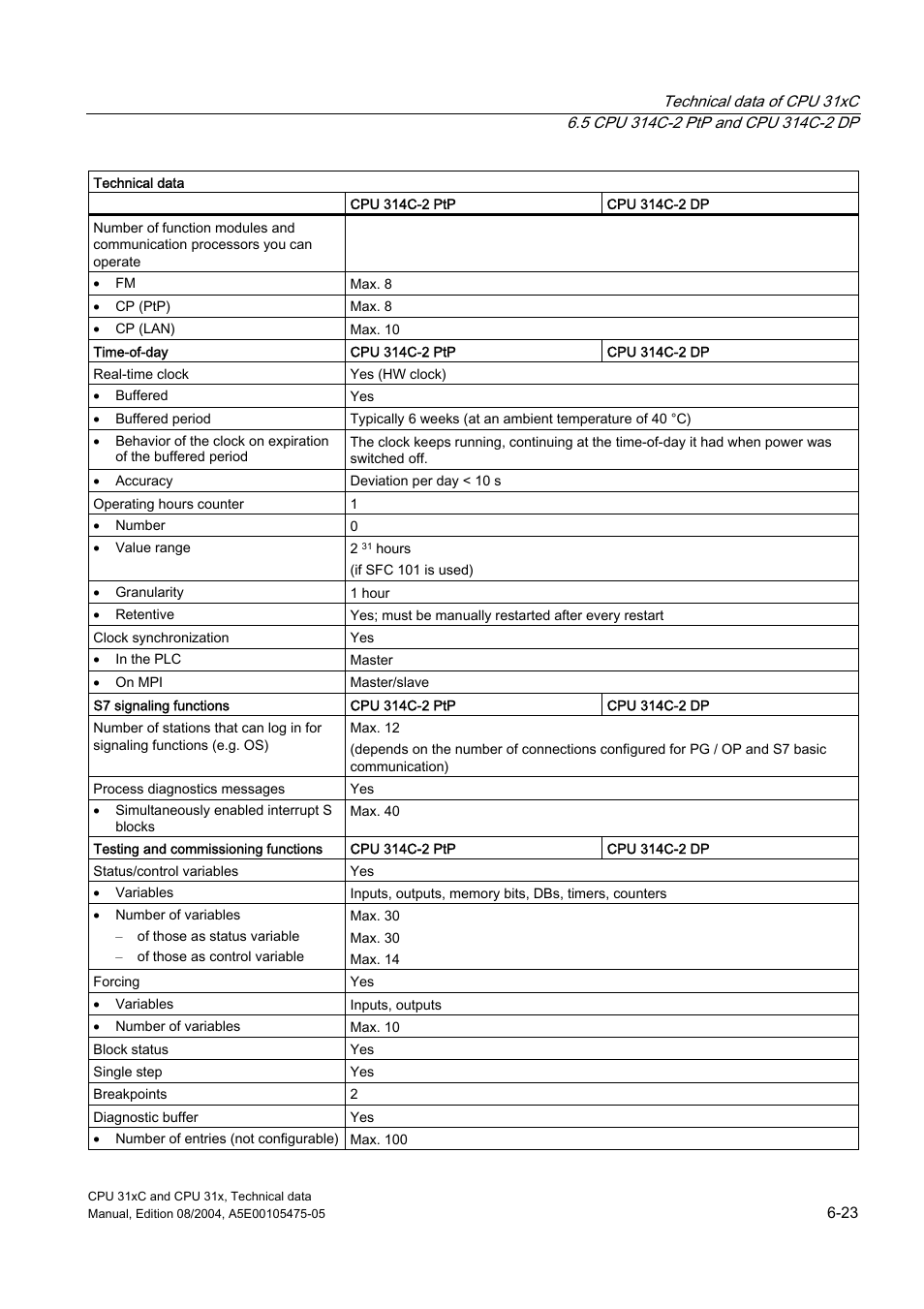Siemens Simatic S7-300 CPU 31xC and CPU 31x S7-300 User Manual | Page 133 / 244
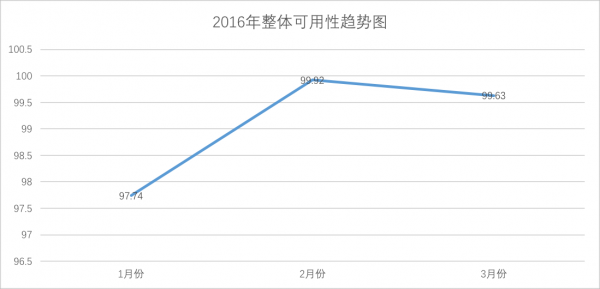 趨勢(shì)圖 趨勢(shì)圖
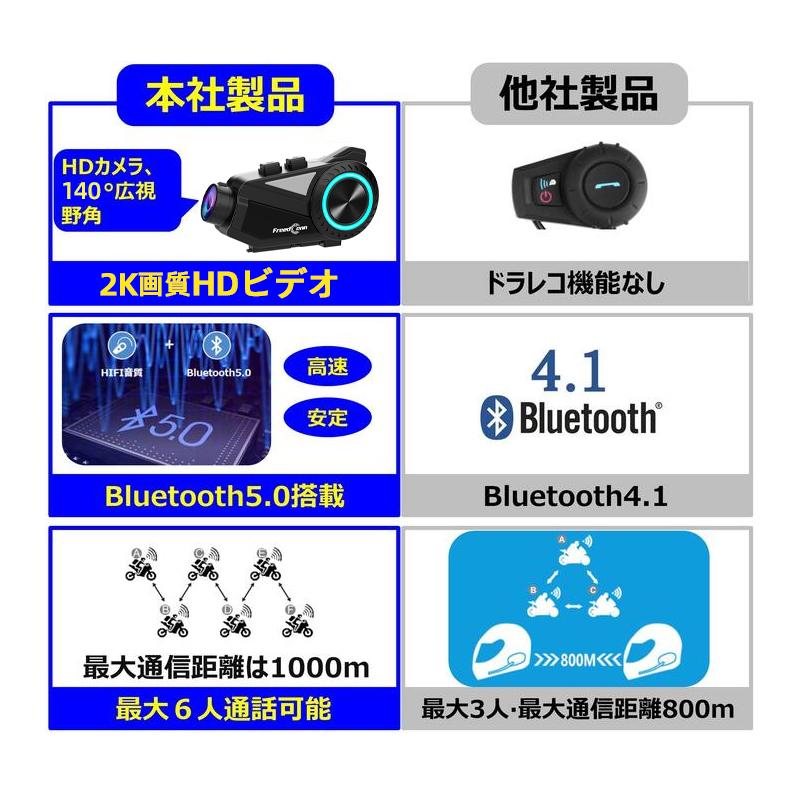 R3 バイクカメラ FreedConnバイク インカム バイク ぶるーとぅーす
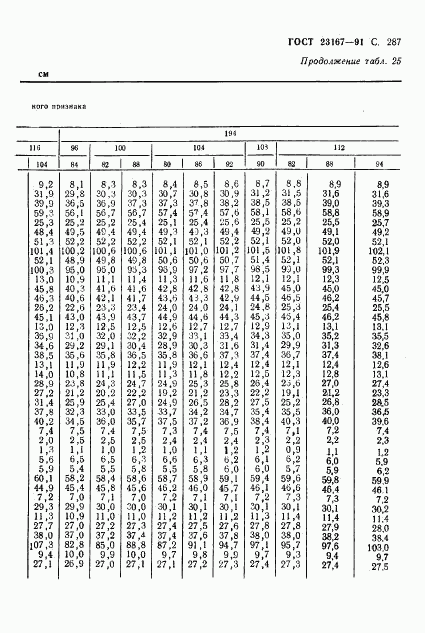 ГОСТ 23167-91, страница 288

^^^^^^^^

● **TASK GOAL**: Restate the material above word for word, so that nothing changes except that the pictures are gone.

● **SOLUTION TO THIS EXERCISE**:
Siemens Simatic S7-300 CPU 31xC and CPU 31x S7-300 User Manual | Page 133 / 244
 趨勢(shì)圖 趨勢(shì)圖
 R3 バイクカメラ FreedConnバイク インカム バイク ぶるーとぅーす
 ГОСТ 23167-91, страница 288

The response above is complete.